A bezoar?  Like the one used by Harry Potter to save Ron's life after he drank the poisoned wine in Professor Slughorn's room?

Yes!  Just like that one!  (Well, it would be like that one if bezoars actually possessed the powers they were believed to have 1000 years ago, but that's beside the point.)  Again, from Wikipedia:
Bezoars were sought because they were believed to have the power of a universal antidote against any poison. It was believed that a drinking glass which contained a bezoar would neutralize any poison poured into it. The word "bezoar" comes from the Persian pâdzahr (پادزهر), which literally means "antidote".
So the magnet becomes a pseudobezoar (pseudo- because it was artificially introduced instead of growing there naturally) which essentially neutralizes the potentially fatal effects of the sharp metal objects ingested by the cow.

Wow.  You just never know what sort of informational journey a simple package of clearance magnets will take you on.
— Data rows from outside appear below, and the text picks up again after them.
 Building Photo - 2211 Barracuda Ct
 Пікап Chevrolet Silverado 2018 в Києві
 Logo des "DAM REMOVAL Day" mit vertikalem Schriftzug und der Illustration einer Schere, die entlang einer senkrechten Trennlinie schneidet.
Thursday, January 19, 2012


I just folded a load of clothes that had 26 clean socks.  That's not really unusual. The truly remarkable thing is that from those 26 socks, there were 13 matched pairs of socks.  There was not a singleton (or I suppose from an even number of socks there would have to be at least 2 singletons) left over.  That is almost unheard of at this house.
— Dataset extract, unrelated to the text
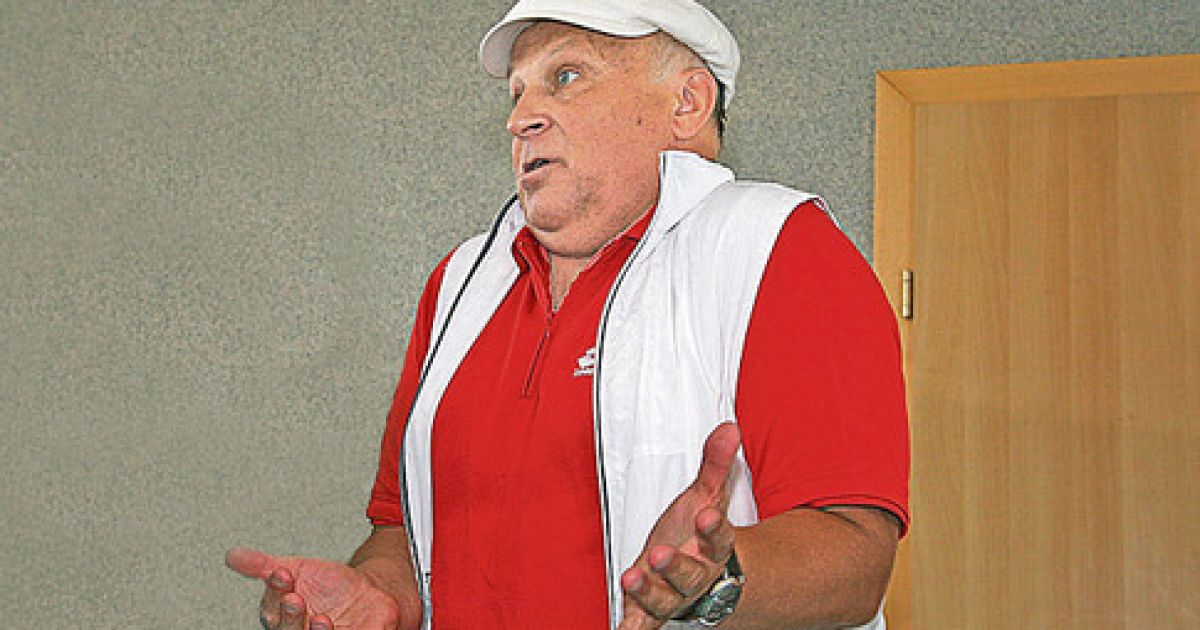 Виталий Кварцяный рассказал, что закрыл бы арбитра в клетку на 5 лет.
There is always the question of what to do with those singletons.  Should they go in the sock drawer where they will always remain unused, passed over in the rush to get dressed in the morning?  Should they be thrown away with the understanding that parted pairs are hardly ever reunited?  In our house they are put in a little pile on top of the drier.  At the present time, there are 13 singletons on top of the drier.

I know.  That sounds like a lot of socks.  But at least 4 or 5 of those are little bitty, no-show, mainly-just-covers-the-bottom-of-your-foot kind of socks, so they don't add much volume to the stack.  And those are in a variety of colors, too: pink, black, and several shades of beige.
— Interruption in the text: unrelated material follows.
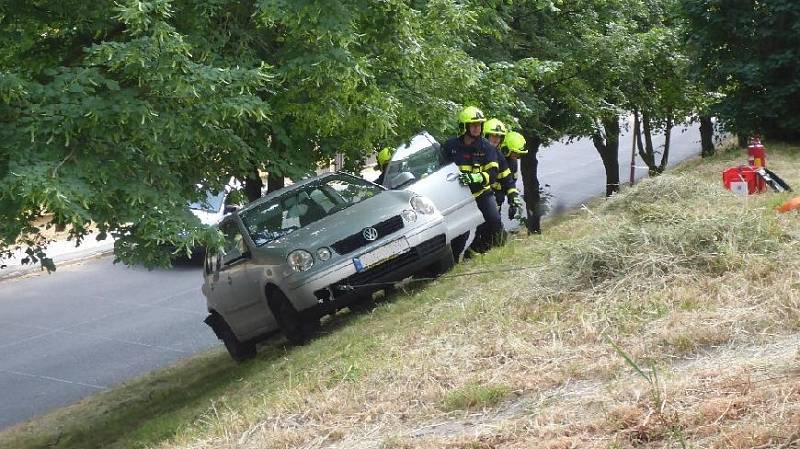 Zaparkované auto se později samo rozjelo. Z parkoviště sjelo ze svahu a zastavilo se až o strom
There is one black band sock.  No one in our house wears black crew socks except Mr. H . . . unless it's marching season.  Then 1 or possibly 2 of the girls have A pair that gets worn for a few hours on Friday nights.  The one on top of the drier is too small to fit Mr. H, so it must be a band sock.  And its mate probably made its escape on a bus trip.  I'll end up purchasing a new pair when marching season starts up again.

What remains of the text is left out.